Liquidity overhang evident from reverse repo mop-ups


Ample liquidity

High liquidity has impacted 91-day T-bill auctions.

Cut-off yield is down 33 bps to 7.02 per cent.

FII inflows during the last 3 days have been $232 m.


C. Shivkumar

Bangalore, Jan. 3 With liquidity overhang returning to haunt the money markets, the Reserve Bank of India is likely to restore the market stabilisation Scheme (MSS).

The overhang was evident from Thursday’s Liquidity Adjustment Facility (LAF) auction. At the LAF auction, there were 38 bids for the Reverse Repurchase Window of the RBI. The amount mopped up was Rs 40,630 crore. Reverse repos implied sale of securities to banks and other eligible entities for removing excess liquidity from the banking system. Besides, the high liquidity also impacted the 91-day T-bill auctions. The cut-off yield dropped to 7.02 per cent, down 33 basis points from last week’s 7.35 per cent.

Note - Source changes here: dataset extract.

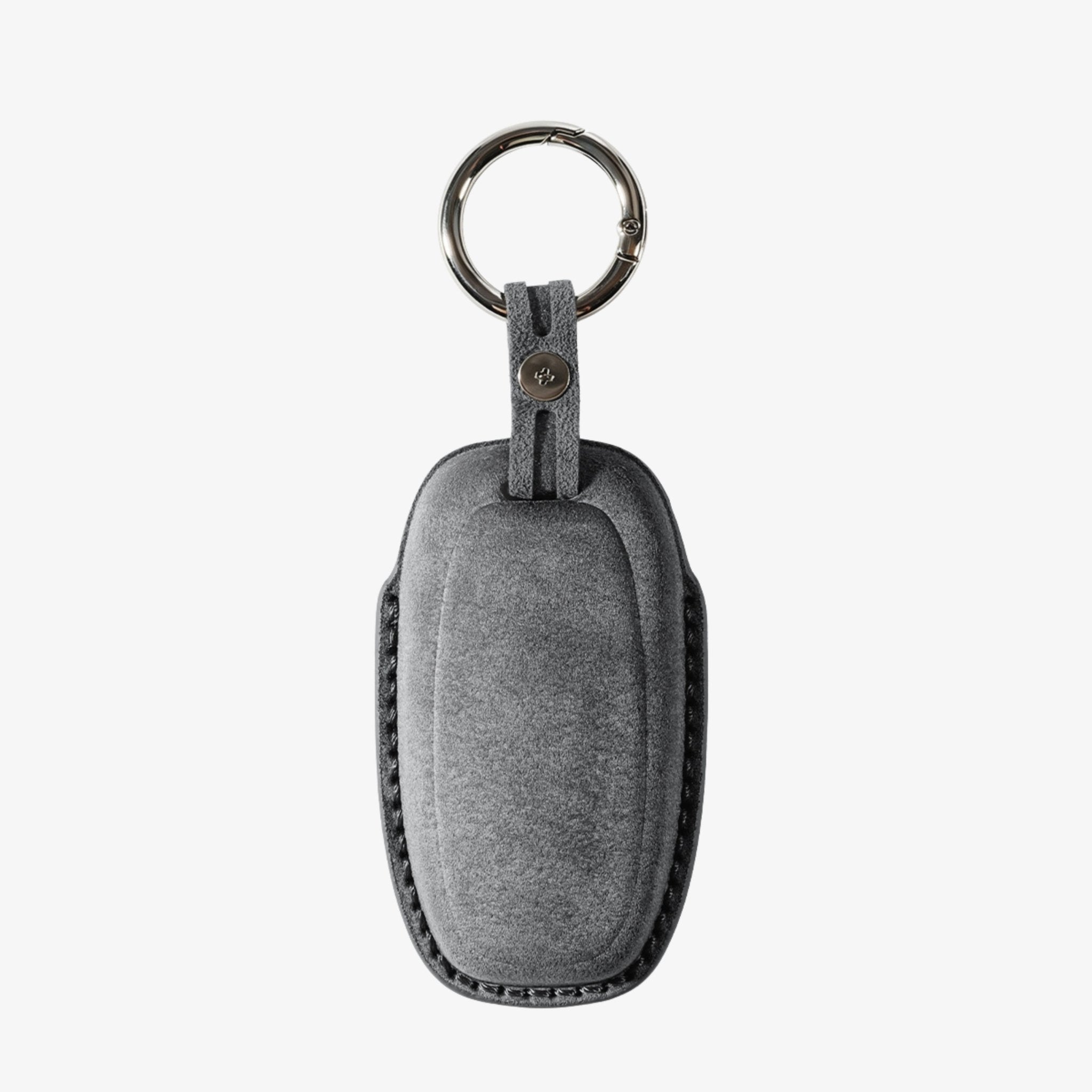 Alcantara Car Key Fob Cover for Audi Model C with Buckle - Space Grey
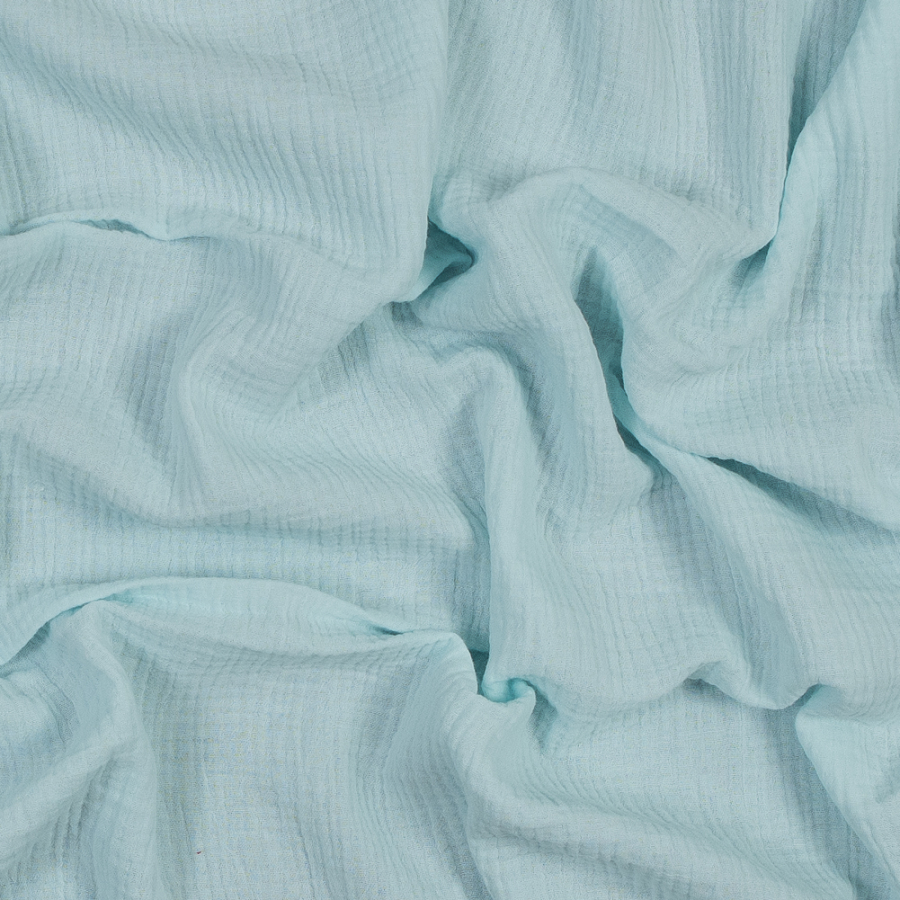 Blue Glass Double Cotton Gauze | Mood Fabrics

The MSS was discontinued from December 12, 2007, when liquidity tightened. This was partly on account advance tax payments. Typically, ahead of advance tax payments liquidity tends to tighten. Besides, during the last calendar month of the year foreign institutional investors also book profits and repatriate earnings, contributing to a tightening of liquidity.

FII inflows resume

FII inflows have since resumed. Since the beginning of this month, inflows amounted to $232 million. Bankers said that they were now expecting the RBI to begin its MSS operations soon if this trend continued. The RBI since the middle of last month has stayed away from any interventions in the foreign exchange markets and was partly contributing to the liquidity build up.

However, ICICI Bank’s Chief Economist, Dr Samiran Chakraborty, said, “It is too early to gauge the liquidity overhang. The current liquidity is also on account of redemptions of securities and coupon payments.”

Coupon payments

Coupon and redemption payments together are estimated at a little over Rs 39,000 crore for the remaining part of the financial year. Besides, some of the advance tax payments have also returned into the banking system, adding to the pressure on liquidity. In fact, the actual Government borrowings estimated for the remaining part of this financial year is only Rs 19,000 crore.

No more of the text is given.